The Governor of the Bank of Israel, Amir Yaron, issued a stark warning on Monday, March 30, 2026, cautioning that a prolonged conflict with Iran will inflict “severe and lasting” damage on the Israeli economy. The warning accompanied the central bank’s decision to keep interest rates steady at 4% while significantly lowering the nation’s growth outlook for the year.
Growth Forecasts Tethered to War Scenarios
The Bank of Israel Research Department and the Finance Ministry released a tiered set of projections, all showing a marked decline from the 5.2% growth initially expected for 2026 before the joint U.S.-Israeli offensive began on February 28.
- Optimistic Scenario (3.8% Growth): Assumes the war with Iran concludes by mid-April and fighting in Lebanon ends by the end of April.
- Mid-Range Scenario (3.5% Growth): Assumes the Iran front closes by mid-April, but the Lebanon conflict persists through June.
- Pessimistic Scenario (3.3% Growth): Assumes active conflict with Iran continues through the end of April and fighting in Lebanon lasts through June.
- Long-Term Recovery: While 2026 has been downgraded, the bank expects a “bounce-back” in 2027, with growth potentially reaching 5.5% to 6.1%, provided regional stability is restored.

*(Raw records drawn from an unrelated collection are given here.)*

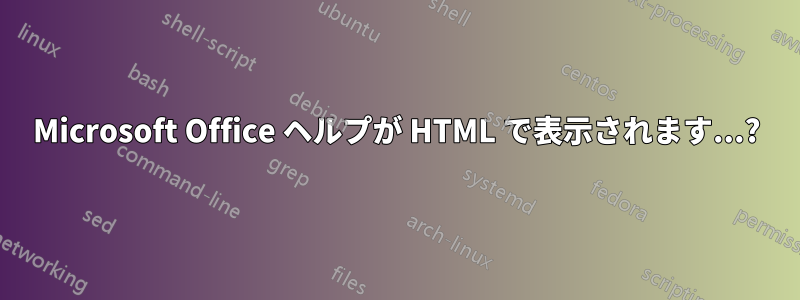 Microsoft Office ヘルプが HTML で表示されます...?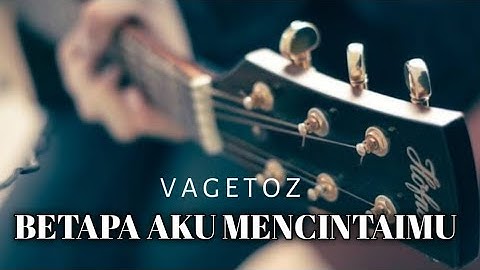 BETAPA AKU MENCINTAIMU VAGETOZ (TUTORIAL GITAR) ORIGINAL CHORD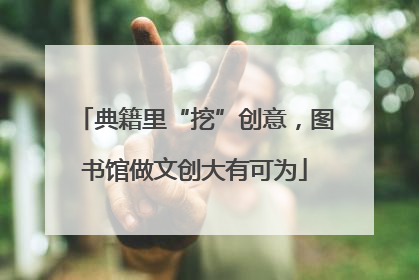 典籍里“挖”创意，图书馆做文创大有可为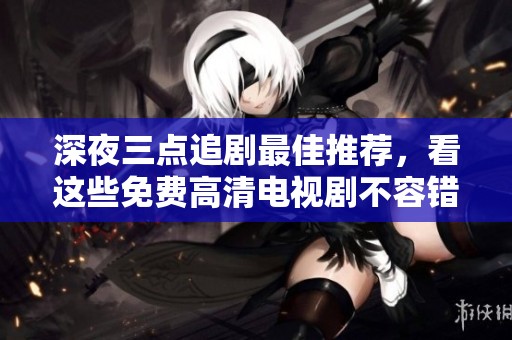 深夜三点追剧最佳推荐，看这些免费高清电视剧不容错过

Inflation and the “Energy Shock”
Governor Yaron noted that the “inflation environment” has deteriorated sharply since the start of the month, driven primarily by the global surge in energy prices following the closure of the Strait of Hormuz.
- Energy Spike: With Brent Crude surpassing $118 per barrel, domestic fuel and electricity costs are putting immense pressure on Israeli households and manufacturers.
- Credit Card Data: The central bank highlighted a 20% drop in initial credit card spending at the outbreak of the war. While some sectors have recovered, the “geopolitical uncertainty” is suppressing private consumption and investment.
- Housing Inflation: Despite the broader slowdown, the bank warned of renewed housing inflation as construction projects face delays and labor shortages due to military reservist call-ups.
Fiscal Management: The 70% Debt Warning
The Bank of Israel has taken a firm stance against “unnecessary” government spending, urging the Netanyahu administration to maintain “careful fiscal management.”
- Deficit Targets: The government recently raised the 2026 budget deficit target to 5.1% of GDP (up from 3.9%). The central bank warned that if the war continues to drain resources without offsets, Israel’s debt-to-GDP ratio could hit 70%, a level that could trigger credit rating downgrades.
- The “War Budget” Pivot: Earlier today, the Knesset gave final approval to a 699-billion shekel ($221 billion) defense-heavy budget, narrowly avoiding a snap election but cementing a massive shift of capital from civilian infrastructure to military operations.
| Economic Metric | Pre-War Forecast (Jan 2026) | Current Forecast (Mar 30, 2026) |
| GDP Growth 2026 | 5.2% | 3.3% – 3.8% |
| Budget Deficit | 3.9% | 5.1% |
| Interest Rate | 4.0% (Stable) | 4.0% (Hold) |
| Debt-to-GDP | ~62% | Potential 70% |
A Global “Asymmetric Shock”
The Governor’s warnings mirror a new report from the International Monetary Fund (IMF), which characterized the Iran war as a “global, but asymmetric shock.” While advanced economies are feeling the pinch of inflation, the IMF warned that the “Strait of Hormuz blockade” has caused the largest oil supply disruption in history, dimming the recovery outlook for the entire Middle East.